Eric W. Biederman ebiederm at xmission.com
Thu Nov 22 15:04:38 EST 2007

Neil Horman <nhorman at redhat.com> writes:

> On Wed, Nov 14, 2007 at 12:09:39PM +0530, Vivek Goyal wrote:
>> On Tue, Nov 13, 2007 at 09:33:30AM -0500, Neil Horman wrote:
>> [..]
>> > > In the past I have found issues with interrupt routing on IOPAPIC and
>> > > interrupt lockup on LAPIC. But these issues are already solved. I would
>> > > also think of priting LAPIC and IOAPIC entries to see how timer interrupt
>> > > routing changes from first kernel to second.
>> > > 
>> > I recently read the ioapic section in the opteron processor guide and noted
> the
>> > ioapic routing field in the config registers, so I'll be looking at that.
> We
>> > also not that in the failing case on the systems in question the boot cpu is
>> > _not_ the cpu that boots the kdump kernel, and its APIC ID is 1 not 0, IIRC
>> > 
>> Failing on non-boot cpu should not be an issue. I had fixed an issue in the
>> past where non-boot cpu was not receiving the timer interrupts because of
>> IOAPIC settings where timer interrupts were always routed to boot cpu (cpu0).
>> Now it has been modified and while going down we determine which cpu we
>> are crashing on and setup IOAPIC entry accordingly. See disable_IO_APIC().
> I see the call to it in machine_crash_shutdown, but for whatever reason, it
> doesn't seem to be having the desired effect in this case....hmmmmm...

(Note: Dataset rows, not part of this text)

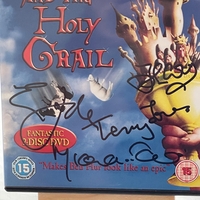 Monty Python and The Holy Grail DVD, signed by John Cleese, Eric Idle, Terry Jones, Michael Palin, Carol Cleveland and Terry Gillam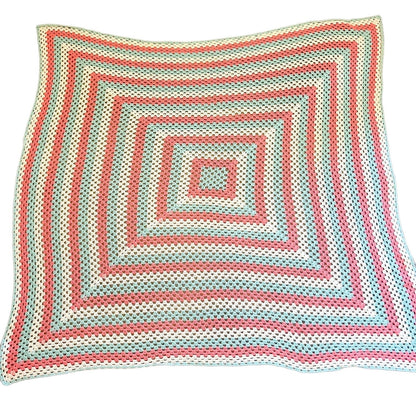 Crochet Blanket - Cream, Coral Pink & Aqua Crochet Knit Blanket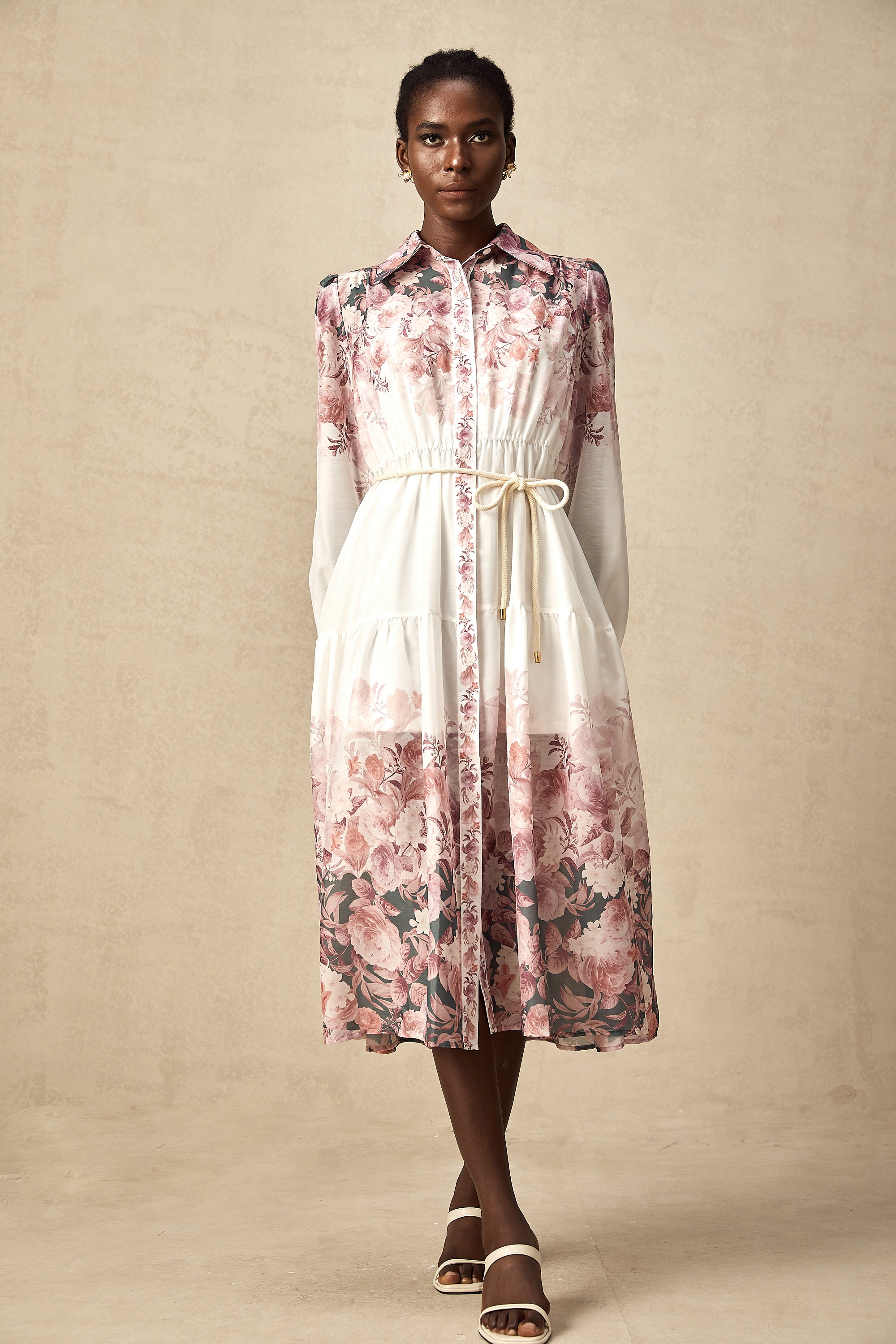 Carina floral-print lantern-sleeve midi dress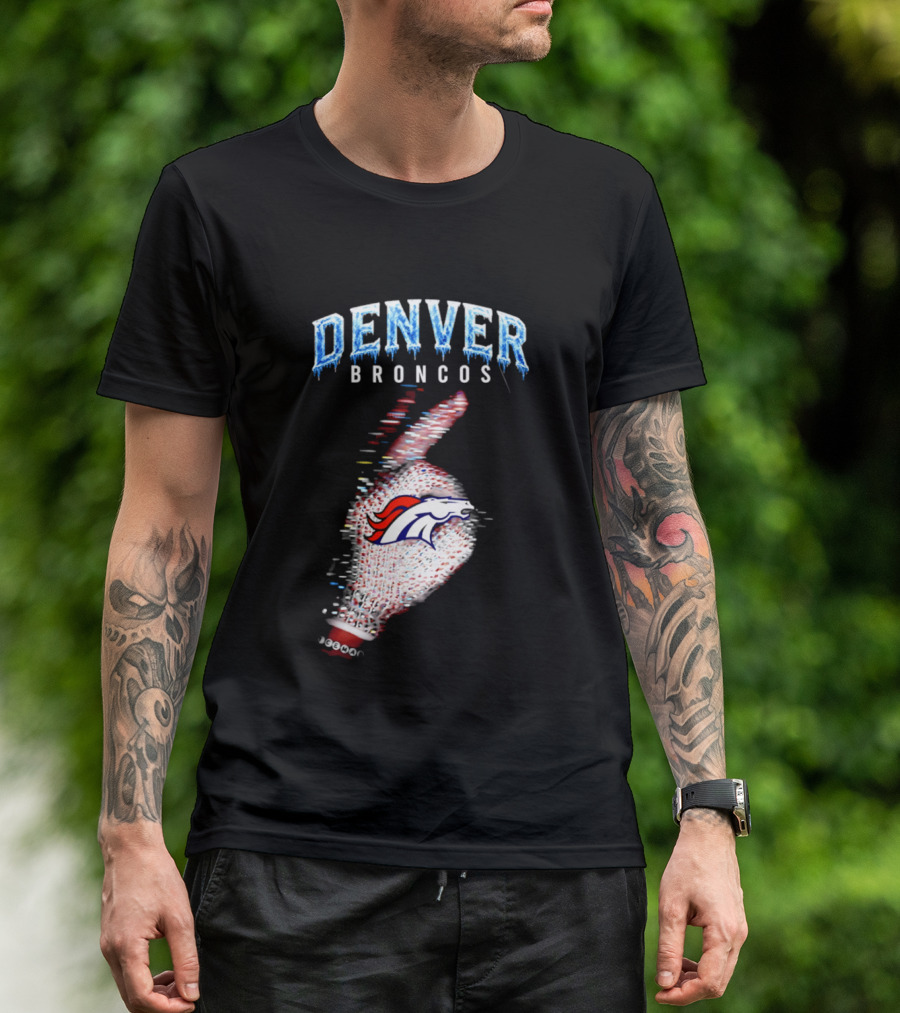 Denver Broncos Iceman 2026 Logo Glitched Hand Signal T-Shirt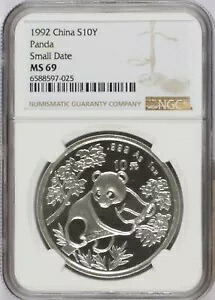 1992 シルバーパンダ 1オンス10元スモールデイトNGC MS69。送料無料。｜WORLD RESOURCE【KING店】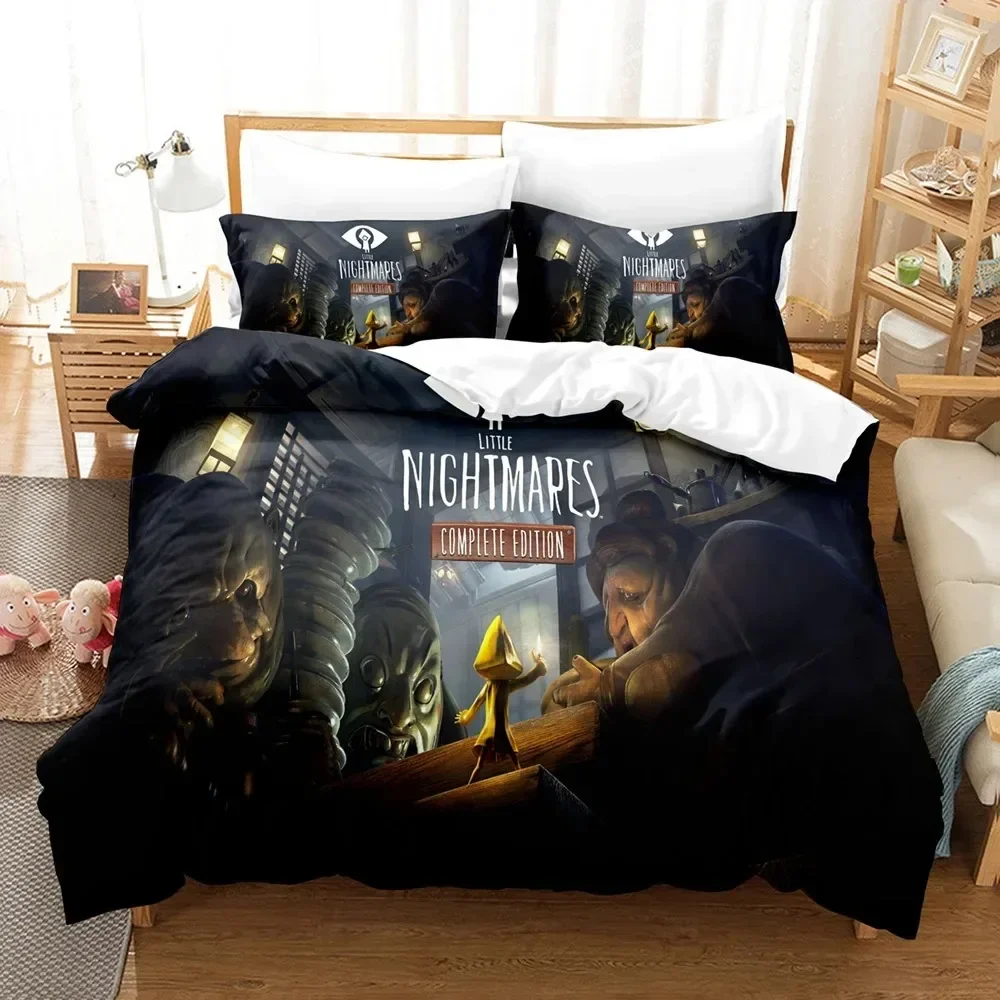 لعبة Little Nightmares ثلاثية الأبعاد طباعة طقم سرير مطبوع غطاء لحاف المخدة طقم سرير غطاء لحاف كامل الملكة الملك الحجم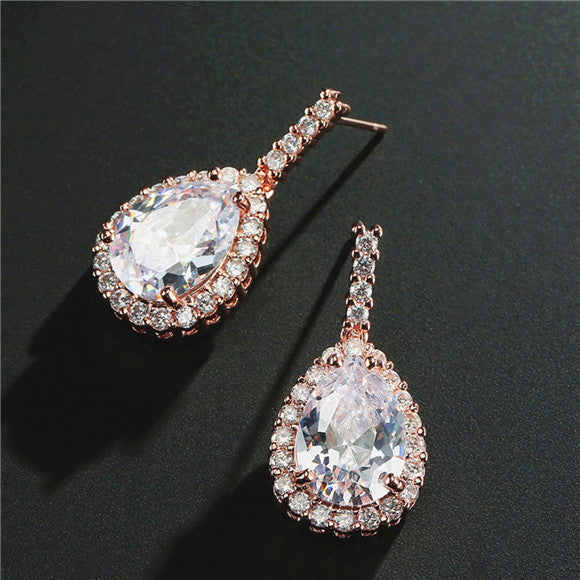 RAKOL Long Water Drop Dangle Earrings, Copper Set Zircon Elegant Women Ear Jewelry For Wedding Banquet Party Occasions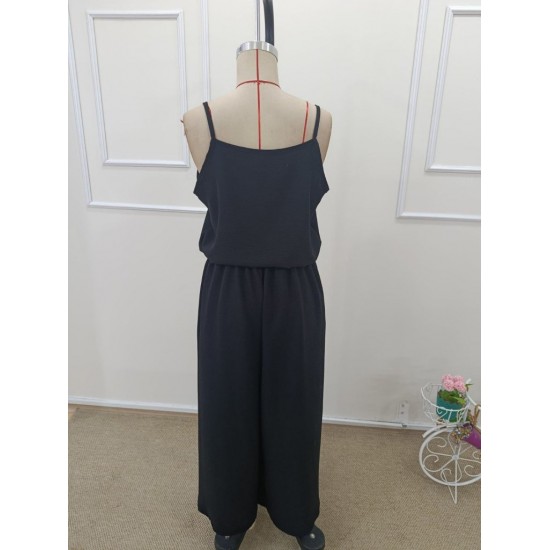 Kadın Ip Askılı V Yakalı Belden Kuşaklı Yandan Yırtmaçlı Uzun Aerobin Tulum , 32270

I don't know if anything has happened.  However a lot of this looks like
going back to the current todo list item of getting the kernel to come up
initially in ioapic mode.

That simultaneously removes the need for machine_kexec to reprogram interrupts
in virtual wire mode and it should ultimately simplify and make more robust
irq initialization.  At the very least reducing the amount of magic in
early irq processing.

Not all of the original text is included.